§ MATERIAL FOR THIS EXERCISE
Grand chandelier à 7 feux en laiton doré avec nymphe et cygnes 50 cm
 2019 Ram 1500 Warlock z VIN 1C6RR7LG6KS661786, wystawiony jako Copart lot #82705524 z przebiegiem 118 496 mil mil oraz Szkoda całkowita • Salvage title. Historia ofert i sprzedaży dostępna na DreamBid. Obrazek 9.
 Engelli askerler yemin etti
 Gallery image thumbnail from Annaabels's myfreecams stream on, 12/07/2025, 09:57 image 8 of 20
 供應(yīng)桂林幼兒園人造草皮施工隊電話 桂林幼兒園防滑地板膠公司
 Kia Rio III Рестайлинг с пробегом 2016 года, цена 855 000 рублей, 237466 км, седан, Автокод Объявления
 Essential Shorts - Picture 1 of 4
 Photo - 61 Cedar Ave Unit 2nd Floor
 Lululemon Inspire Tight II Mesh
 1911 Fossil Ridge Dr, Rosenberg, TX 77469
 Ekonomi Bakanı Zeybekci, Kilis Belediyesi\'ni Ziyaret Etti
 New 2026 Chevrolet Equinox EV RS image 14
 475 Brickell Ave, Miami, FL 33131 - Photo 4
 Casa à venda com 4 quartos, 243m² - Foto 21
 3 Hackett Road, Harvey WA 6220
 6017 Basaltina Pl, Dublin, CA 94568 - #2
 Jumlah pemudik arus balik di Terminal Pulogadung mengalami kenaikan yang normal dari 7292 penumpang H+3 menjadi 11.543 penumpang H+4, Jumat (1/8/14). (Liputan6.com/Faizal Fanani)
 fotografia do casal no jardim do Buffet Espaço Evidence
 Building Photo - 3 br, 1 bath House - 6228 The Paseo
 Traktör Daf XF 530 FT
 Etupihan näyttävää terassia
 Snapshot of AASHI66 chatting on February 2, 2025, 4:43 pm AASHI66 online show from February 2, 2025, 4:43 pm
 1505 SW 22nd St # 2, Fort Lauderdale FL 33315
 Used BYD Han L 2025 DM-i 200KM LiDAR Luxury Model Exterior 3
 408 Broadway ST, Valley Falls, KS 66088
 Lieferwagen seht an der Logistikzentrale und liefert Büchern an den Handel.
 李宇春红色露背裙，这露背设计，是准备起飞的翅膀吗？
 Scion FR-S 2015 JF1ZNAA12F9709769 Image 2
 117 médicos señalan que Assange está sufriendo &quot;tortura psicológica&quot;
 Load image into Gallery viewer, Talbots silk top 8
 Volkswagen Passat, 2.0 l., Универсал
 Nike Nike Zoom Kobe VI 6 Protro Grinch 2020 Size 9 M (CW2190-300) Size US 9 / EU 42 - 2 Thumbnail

§ PROMPT
Go to the line in the listing above that has "Volkswagen Passat, 2.0 l., Универсал" in it. Set down that line and each one after it, exactly.

§ SOLUTION TO THIS TASK
 Volkswagen Passat, 2.0 l., Универсал
 Nike Nike Zoom Kobe VI 6 Protro Grinch 2020 Size 9 M (CW2190-300) Size US 9 / EU 42 - 2 Thumbnail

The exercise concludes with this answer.